** PROBLEM TO WORK ON **
Images should be omitted while the rest of the data is duplicated exactly.

** EXERCISE DATA **
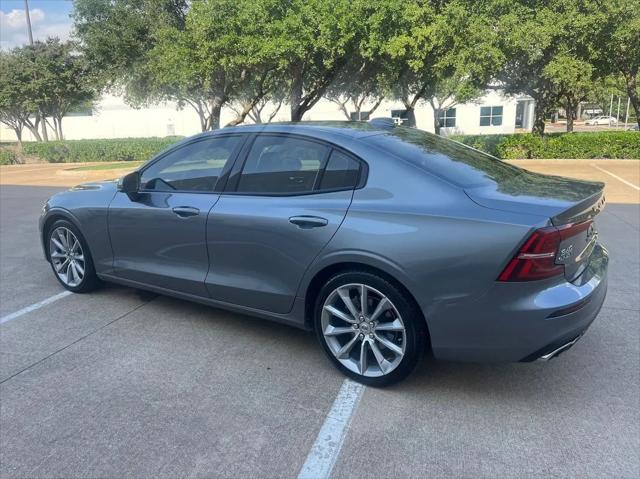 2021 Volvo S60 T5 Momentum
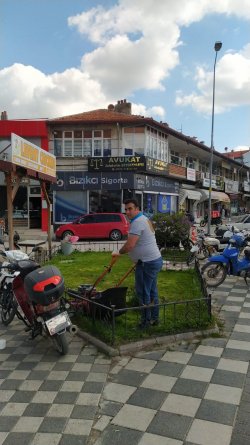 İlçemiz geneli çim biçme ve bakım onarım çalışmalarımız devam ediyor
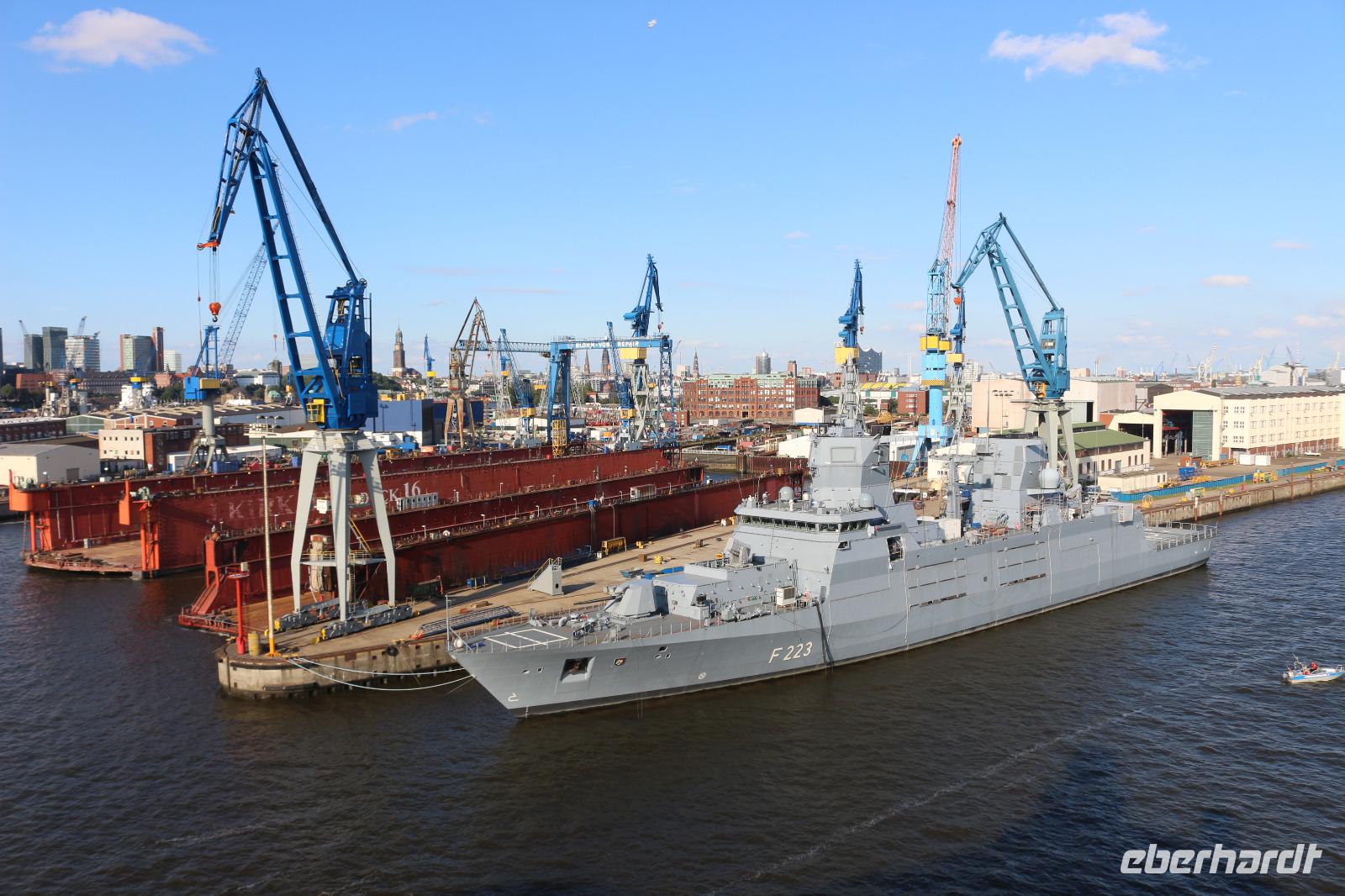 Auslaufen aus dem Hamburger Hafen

** COMPLETED TASK **
 2021 Volvo S60 T5 Momentum
 İlçemiz geneli çim biçme ve bakım onarım çalışmalarımız devam ediyor
 Auslaufen aus dem Hamburger Hafen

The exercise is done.